More to the point, it’s inadequate to judge an entire TV show on its last episodes. To consider shows like Lost or Game of Thrones — both of which raised the bar for the scope and scale of television storytelling — solely on the quality of their finales is like assessing the value of a Shakespeare play based on its last page or the quality of Anna Karenina solely on the part where Anna throws herself in front of the train. (“Too depressing. No stars.”) Both of these shows were larger in terms of storytelling — we’re talking the number of characters, the backstories, the special effects, the budgets — than anything else on the air when they debuted. To reduce either one to a bad finale or a bad season is, well, reductive, especially for series that are so deliberately sprawling.
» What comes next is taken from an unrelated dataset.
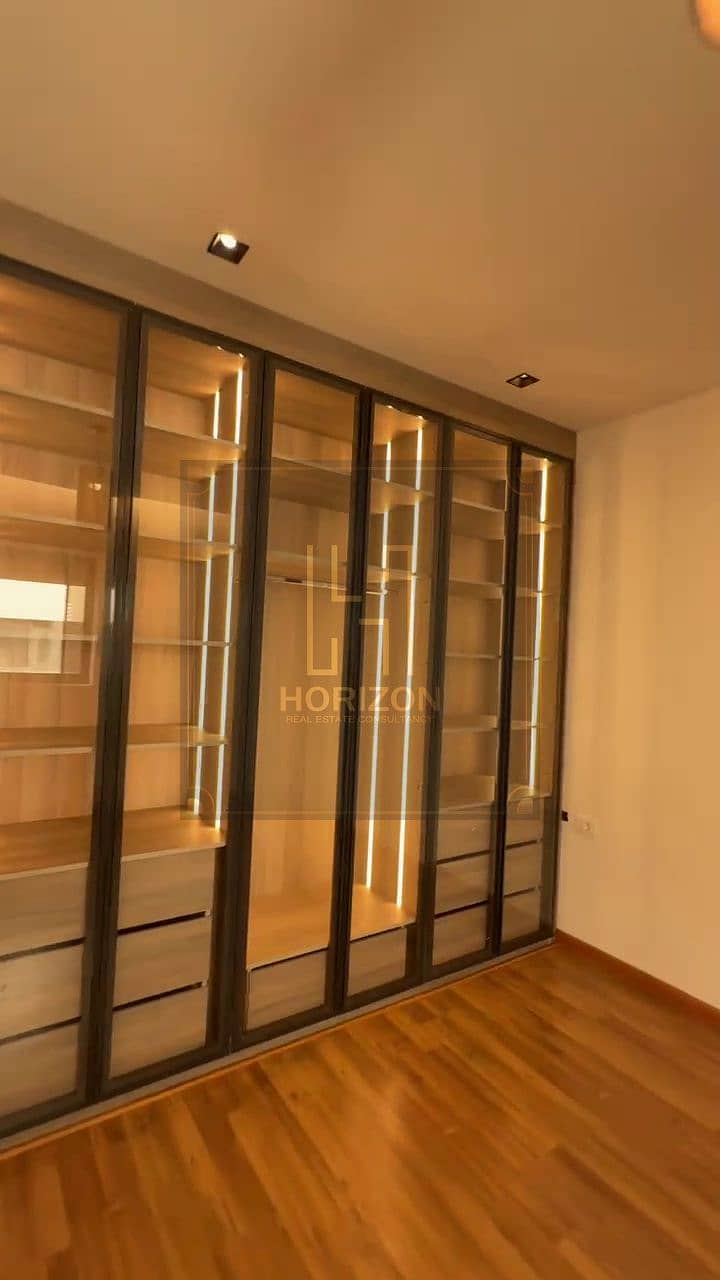 4 vlcsnap-2025-11-27-16h36m46s059 - Copy. png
That’s another thing: Our view of how effectively a piece of pop culture achieves what it’s set out to achieve can shift, positively or negatively, as time progresses. But we’re so conditioned to have knee-jerk responses to every blessed thing that we form quick opinions, and then, sometimes, we stubbornly cling to them. When those opinions harden into an overall reputation, that doesn’t fully capture what a show meant or what it did.

By all means, keep talking about what you loved or hated about Game of Thrones. But also, try letting a finale sit in your brain and heart for a while — even, like, two minutes — and see if you feel any differently. You may hate it even more the longer you process it. Or you might recognize something of value that tempers your tilt toward the negative.

At the end of “The Iron Throne,” when Jon asks Tyrion if he thinks they were right to kill Daenerys, Tyrion responds: “Ask me again in ten years.” That’s good advice when it comes to series finales, too. Did I like the last episode of Games of Thrones? I had very low expectations, so yes, it was better than I thought it would be. But do me a favor: Ask me again in ten years.